L’intelligence artificielle générative progresse plus vite que les règles censées l’encadrer. Face à cette accélération, l’administration de Joe Biden franchit une étape importante : le 30 octobre 2023, le président américain a signé un ordre exécutif destiné à rendre le développement et le déploiement de l’IA « sûrs, sécurisés et dignes de confiance ». Son volet le plus commenté cible les modèles les plus avancés, ceux qui exigent des moyens de calcul considérables et peuvent servir de socle à de très nombreux outils.
L’objectif n’est pas d’autoriser ou d’interdire ChatGPT, Claude ou d’autres assistants déjà accessibles au public. Washington veut plutôt obtenir, en amont, des informations sur les systèmes de prochaine génération susceptibles de présenter des risques élevés. Les entreprises concernées devront avertir l’État fédéral de certains entraînements et communiquer les résultats d’évaluations de sécurité. Une intervention inédite par son ampleur aux États-Unis, où l’encadrement de l’innovation numérique repose traditionnellement davantage sur les entreprises et les régulateurs sectoriels que sur une règle nationale unique.
Ce que change l’ordre exécutif de Joe Biden
Un ordre exécutif est une instruction présidentielle qui organise l’action de l’administration fédérale. Il ne s’agit donc pas d’une loi adoptée par le Congrès : il ne crée pas, à lui seul, un régime général d’autorisation pour toute intelligence artificielle. En revanche, il donne des missions précises aux départements et agences fédérales, avec des délais, des normes à produire et des mesures à mettre en œuvre.
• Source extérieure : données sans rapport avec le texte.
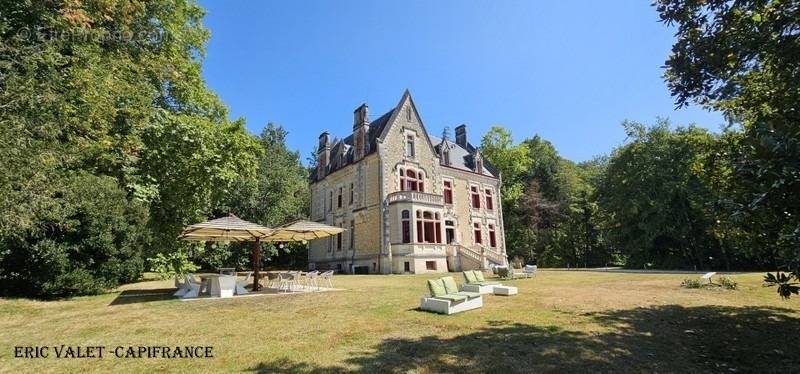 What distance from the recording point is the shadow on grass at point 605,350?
493cm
Pour imposer des obligations aux développeurs des modèles les plus puissants, la Maison-Blanche s’appuie notamment sur le Defense Production Act, une loi qui permet au gouvernement de demander certaines informations à des acteurs privés lorsque la sécurité nationale est en jeu. Le département du Commerce doit ainsi recevoir des notifications et des données de sécurité de la part des entreprises développant des modèles dits « à double usage ».
Cette expression désigne des modèles généralistes capables d’accomplir un large éventail de tâches et dont les capacités peuvent être employées à des fins utiles comme à des fins dangereuses. Un système pouvant résumer un document, écrire du code ou aider à la recherche scientifique peut aussi, suivant ses performances et l’accès qui lui est donné, faciliter des cyberattaques, la conception d’agents chimiques ou biologiques, ou la production de contenus trompeurs à grande échelle.
Quels modèles d’IA doivent être signalés au gouvernement ?
Le texte ne désigne pas une entreprise ou un produit par son nom. Il établit un critère technique fondé sur la quantité de calcul utilisée lors de l’entraînement. Le seuil principal retenu est de 10^26 opérations entières ou à virgule flottante, souvent désignées par le terme anglais FLOP. Il ne s’agit pas d’une mesure de la qualité d’un modèle, ni du nombre de ses utilisateurs, mais d’un ordre de grandeur du travail informatique mobilisé pour le créer.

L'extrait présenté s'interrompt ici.